Outre la taxonomie (qui ne figure pas dans la BNG) et les photos des objets (qui n’apparaissent pas dans la BNG), la banque de données d’experts «ARTIST» présente l’avantage supplémentaire que les objets ne sont pas supprimés par des «règles de cleaning». Étant donné que dans la BNG, les vols sont effacés au bout d’un certain temps, les objets disparus n’apparaitraient donc plus non plus. Le vol de l’Agneau mystique (avril 1934) ne sera donc pas retrouvé dans la BNG (et donc pas non plus le panneau disparu), alors que le panneau des Juges intègres figure bel et bien dans la banque de données «ARTIST».

Votre question portait aussi sur les vols. Dans la banque de données, une distinction est opérée entre les vols qualifiés (c'est-à-dire vols avec violences ou menaces ou circonstances aggravantes) et les vols simples (c'est-à-dire vols sans violences ni menaces et sans circonstances aggravantes). L’effraction est par exemple une circonstance aggravante.
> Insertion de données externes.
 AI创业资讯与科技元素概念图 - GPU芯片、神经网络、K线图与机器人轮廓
Le tableau joint à l’annexe 1 reflète l’évolution de ces deux formes de vol pour les années 2016-2019. Au moins une œuvre d’art était liée à chaque fait (plusieurs objets peuvent être dérobés lors d’un vol). L’on peut affirmer en gros que le phénomène connaît une légère diminution pour les vols qualifiés et qu’il reste stable pour les vols simples.

Ci-dessous, nous comparons le phénomène avec la totalité des vols dont le tableau est joint à l’annexe 2. Il en ressort que la totalité des vols avec violences ou menaces ou circonstances aggravantes est en baisse, les vols qualifiés d’œuvres d’art n’y faisant pas exception, et que l’évolution est similaire pour les vols simples.
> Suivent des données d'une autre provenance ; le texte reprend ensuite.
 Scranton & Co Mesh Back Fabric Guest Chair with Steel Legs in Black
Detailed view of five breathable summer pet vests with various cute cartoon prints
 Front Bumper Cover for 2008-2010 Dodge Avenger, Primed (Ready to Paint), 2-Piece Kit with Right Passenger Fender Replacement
La proportion des vols qualifiés d’œuvres d’art par rapport à la totalité des vols est de 1,3 % pour 2019. Cela semble beaucoup, mais il faut replacer ce pourcentage dans son contexte. La catégorie des œuvres d’art est plutôt prise au sens large par la police. L’objet qui revient le plus souvent est par exemple «art / antiquité – bijoux». Il peut s’agir d’objets qui sont volés chez des particuliers lors d’un cambriolage, mais aussi de biens culturels qui disparaissent d’un musée. Le premier objet ne sera pas nécessairement encodé dans la banque de données «ARTIST» (cela dépend des caractéristiques qui peuvent mener à l’identification), alors que le second objet le fera.
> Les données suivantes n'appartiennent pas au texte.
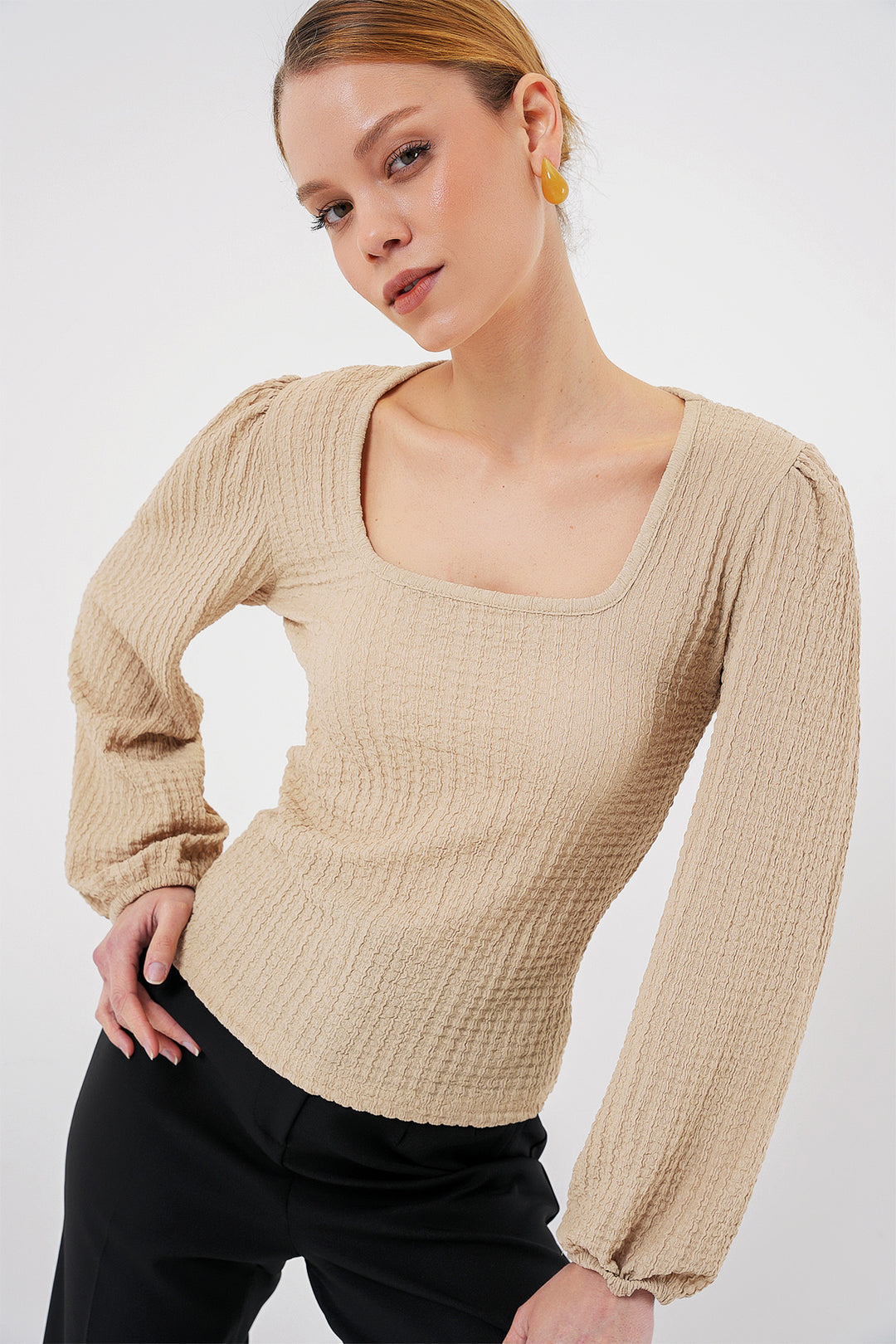 Bigdart 0442 Blouse à Manches Longues - Biscuit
Pour ce qui est de la répartition, par arrondissement, des vols qualifiés auxquels au moins une œuvre d’art a été associée, le tableau joint à l’annexe 3 montre que le top 3 pour la période 2016-2019 était toujours constitué par l’arrondissement de Bruxelles (Région de Bruxelles-Capitale), Liège et Anvers.

Pour les vols simples, il s’agit toutefois de Bruxelles (Région de Bruxelles-Capitale), Anvers, la Flandre occidentale et la Flandre orientale, comme l’indique l’annexe 4.

Les objets les plus souvent volés sont repris à l’annexe 5. Attention: plusieurs objets peuvent être liés à un seul fait (par exemple un vol qualifié). Pour la période examinée 2016-2019, le top 3 s’articule autour des «bijoux», «sculpture / statue» et «vases / lampes».

L’intervention de la police intégrée ne se limite d’ailleurs pas à l’enregistrement d’incidents (faits / tentatives) de vols. Chaque année, environ cinq cents incidents de «dégradations volontaires» ont également été enregistrés au cours de la même période, de même qu’environ cinquante incidents «d’escroqueries» concernant des œuvres d’art.

En raison de ce dernier élément, il est souvent complexe de parler de criminalité liée à l’art: il existe toute une série de phénomènes sous-jacents qui sont trop souvent confondus (vol d’œuvres d’art, vol de biens culturels, restitution d’œuvres d’art volées pendant la IIe Guerre mondiale, destruction ou vol de biens culturels à Palmyre, etc.).

4) L’expression: «Mieux vaut prévenir que guérir» s’applique certes à tous les vols, mais tout particulièrement aux vols d’œuvres d’art. Outre les mesures techno-préventives, une bonne documentation (description, photos, etc.) augmente les probabilités de retrouver les objets volés.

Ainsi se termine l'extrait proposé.